BİRİNCİ AŞAMA: TEMSİLİ SİYASET DÜZLEMİ
Başlattıkları hamlenin iki düzlemi olduğunu kaydeden Uğurlu, ilkinin “temsili siyaset düzlemi” olduğunu söyledi. Bu düzlemde yapılması gereken çalışmaları sıralayan Uğurlu, “TBMM'de temsil edilen, yeni kurulmuş veya kuruluşu eski olsa da parlamento dışında kalmış, muhalif siyasi partilerin iktidara karşı seçimlerde veya seçimlerin öncesinde tekil konularda veya sürekli güç birlikleri geliştirmesi. Güç birliklerinin genişletilmesi. Muhalif partilerin kendi başlarına veya başka partilerle birlikte, kendi seçmenleriyle meydanlarda, kapalı mekânlarda, mümkün olan her imkânı değerlendirerek, halkın bir şekilde içinde yer alacağı politik faaliyette bulunması önemlidir. Son yerel seçimlerde HDP'nin Kürdistan'da kazanma politikası herkesin anlayacağı bir tutumdu. Ama batıda AKP'ye kaybettirme politikası stratejik sonuçlar yarattı. Bu stratejik hamlenin daha kalıcı ve etkili sonuçlar verememiş olması, temsili düzeyi aşan bir toplumsal örgütlülüğün yeterince gelişmemiş olmasındandır” diye konuştu.
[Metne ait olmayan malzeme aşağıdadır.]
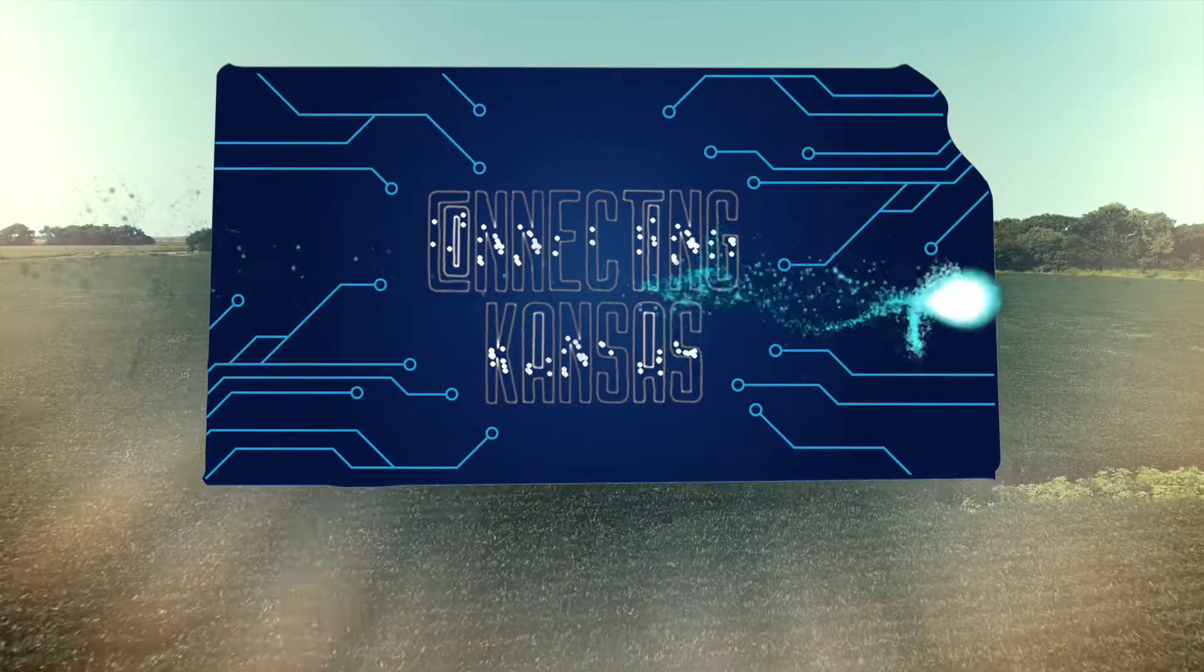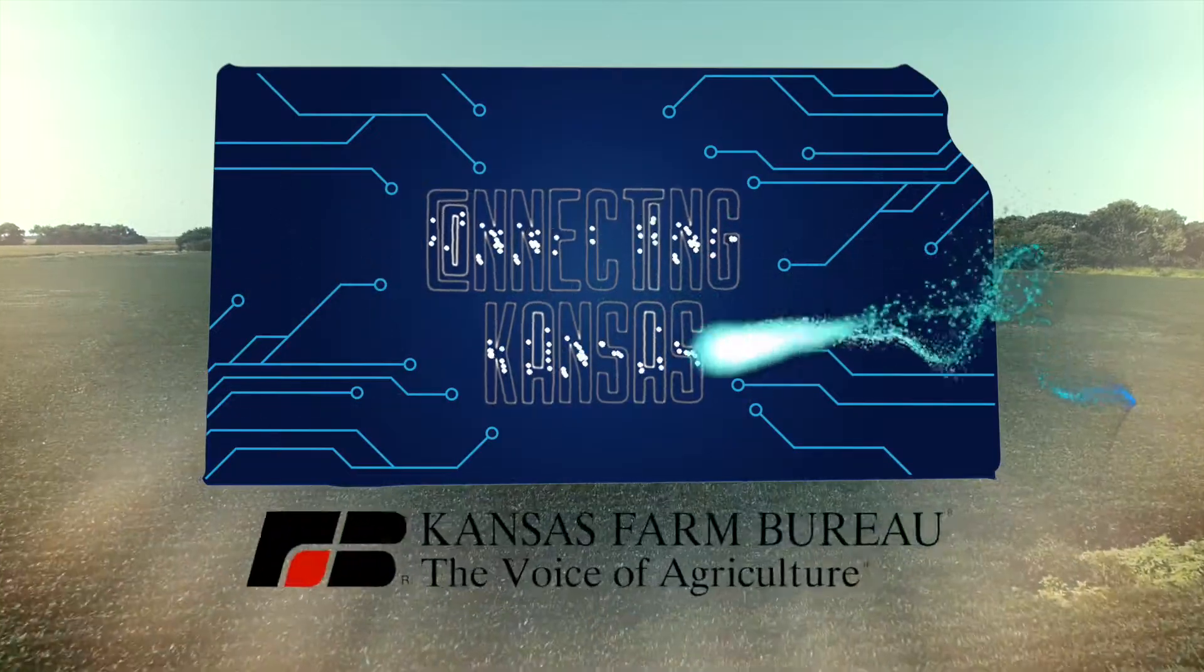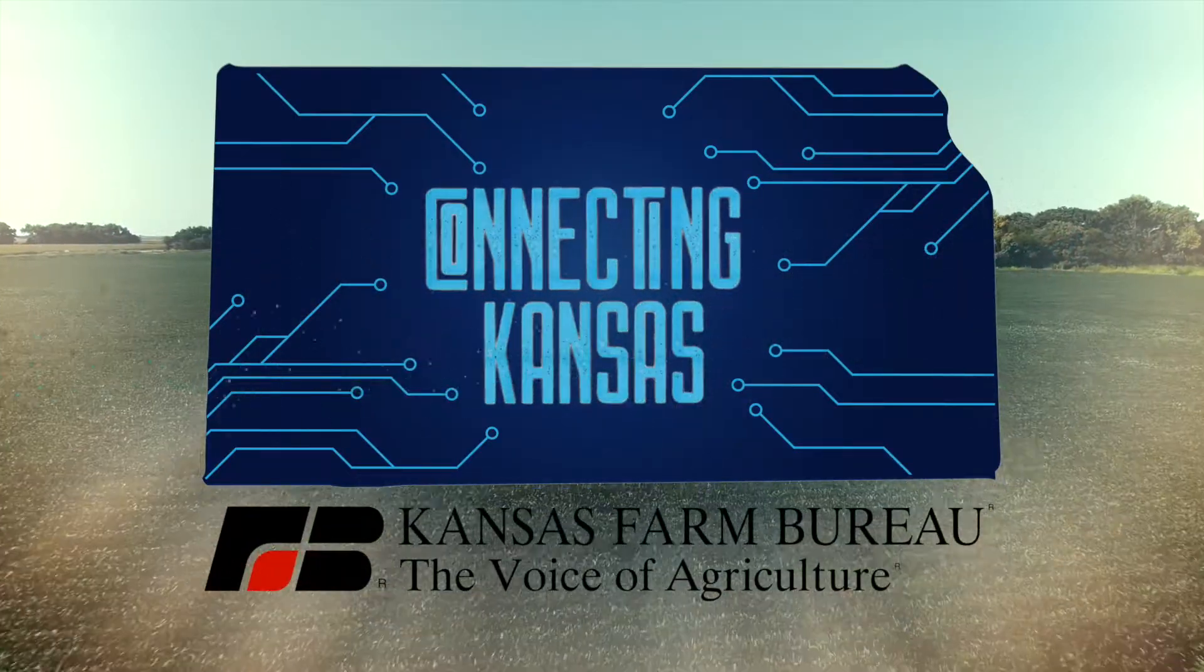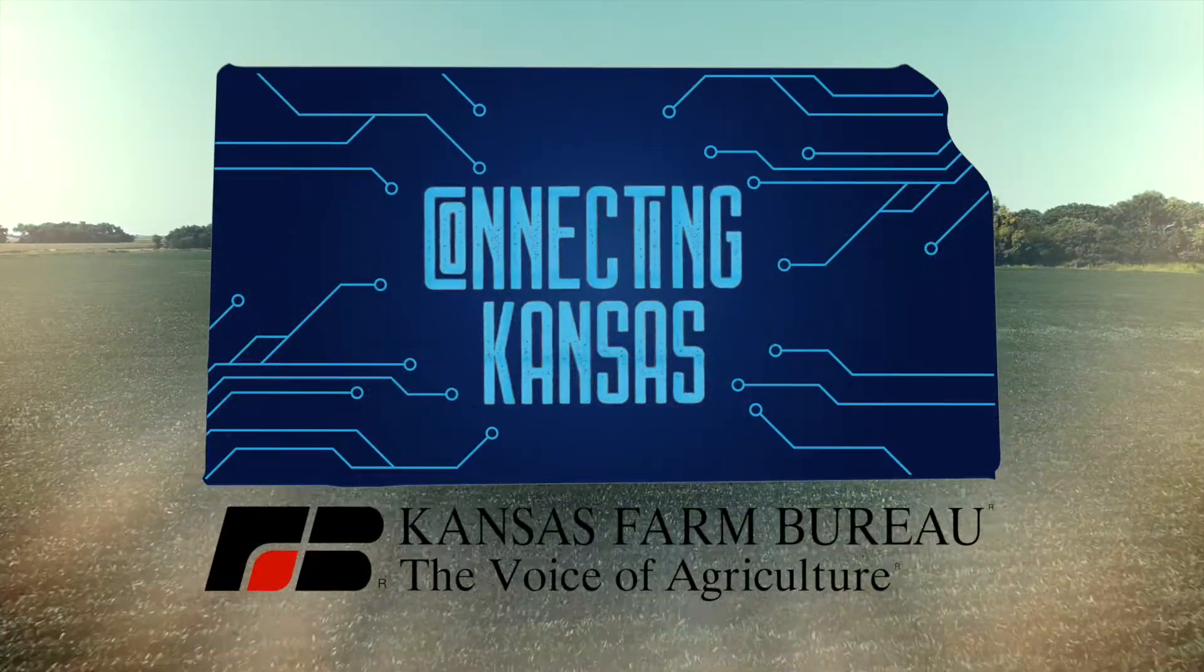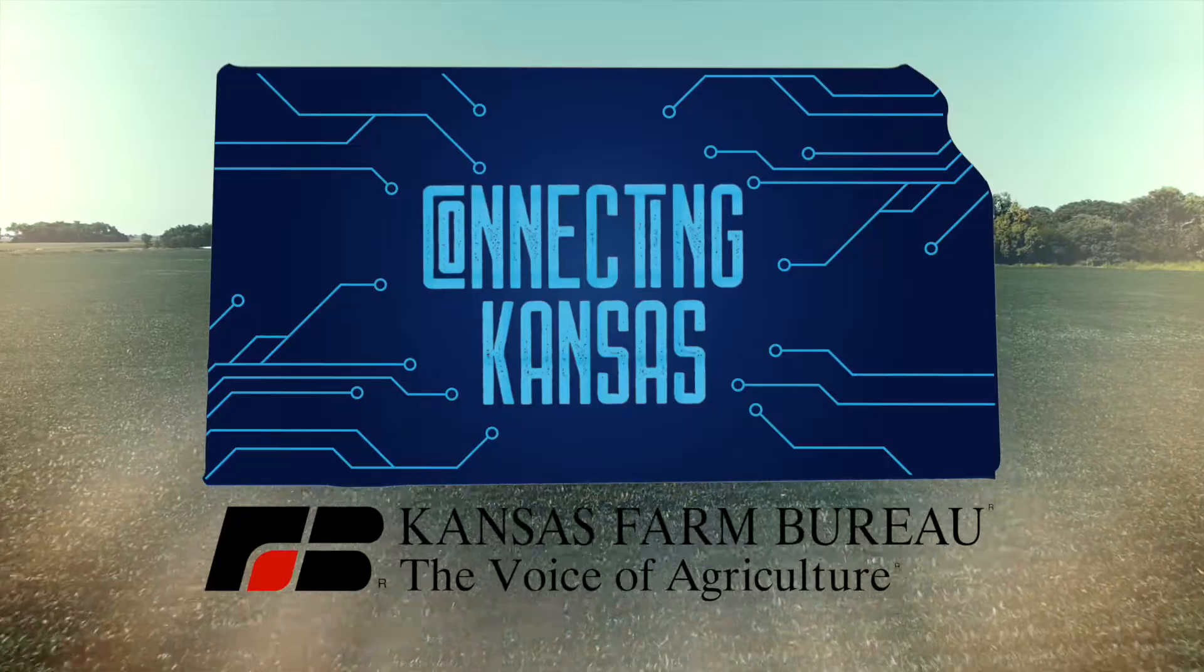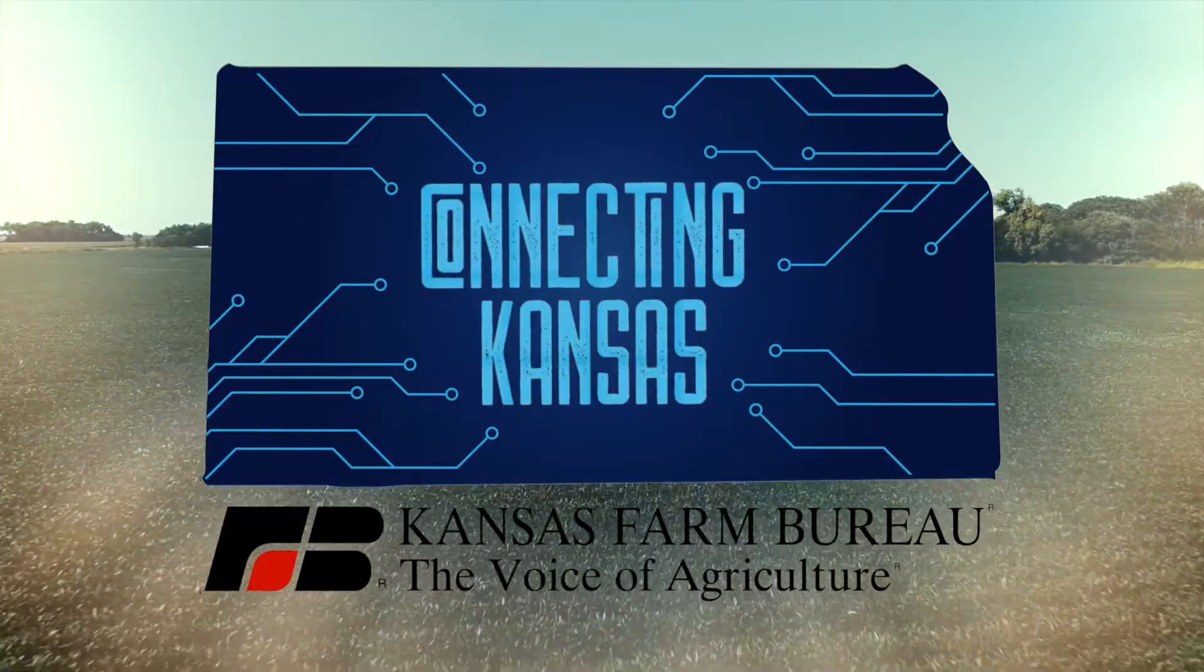Nearly 40% of rural Americans lack access to broadband compared to just 4% of urbanites.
İKİNCİ AŞAMA: YERELLERDE ÖRGÜTLENMEK
Hamlenin ikinci düzeyinin ise yerel ve katılımcı demokrasi düzlemi olduğunu belirten Uğurlu, geleceği ve yeni yaşamı kurmaya bugünden başlamanın, temsili siyaseti güçlendirmenin ve kazanımlarını kalıcı hale getirmenin yolu, siyasetin toplumsal düzeyi olduğunu ifade etti. Halkın yaşam ve üretim alanlarında dayanışma ilişkilerini yaratması, kendi hayatı hakkında kendisinin karar vereceği özyönetim organlarını oluşturmasının hayati bir öneme sahip olduğunun altını çizen Uğurlu, “Türkiye'de yaşanan çok katmanlı krize karşı mücadelenin de özü, krizin işçilere, emekçilere, kadınlara, ekolojiye, ezilen halklara ve inançlara çıkardığı acı faturanın detaylı bir teşhiri toplumun bütün sınıflarının önüne bir alternatifin konulmasıdır. Alternatif önermeyen mücadelenin kalıcı bir toplumsallık kazanması mümkün değildir. Daima yerele yönelen ve yerelde meclisleşmeyi önüne hedef olarak koyan bir çalışma biçimini hedefleyen, AKP-MHP iktidarına karşı hayatın her alanında direnişi örgütleme, demokrasi güçlerinin en geniş ittifakını oluşturma, tecrit politikasını kırmak için direnişi örgütleme, faşizme, ırkçılığa ve savaş politikalarına karşı devrimcilerin birleşik mücadelesini örme, krize karşı toplumsal zeminde mücadeleyi geliştirmenin yolu bunlardır” şeklinde konuştu.
'HAMLEYİ BÜYÜTECEĞİZ’
Başlattıkları hamlenin bir kampanya biçiminde olmadığını ve uzun bir döneme yayılan bir çalışma tarzıyla sürdürüleceğini söyleyen Uğurlu, bileşenleriyle birlikte hamleyi büyüteceklerini vurguladı. Demokrasi güçlerine çağrıda bulunan Uğurlu, baskıların hat safhaya ulaştığı bir dönemde birleşik mücadeleden başka bir yolun olmadığını ve AKP-MHP iktidar blokunun yenilgiye uğratmanın tek yolunun birleşik mücadeleden geçtiğini ifade etti.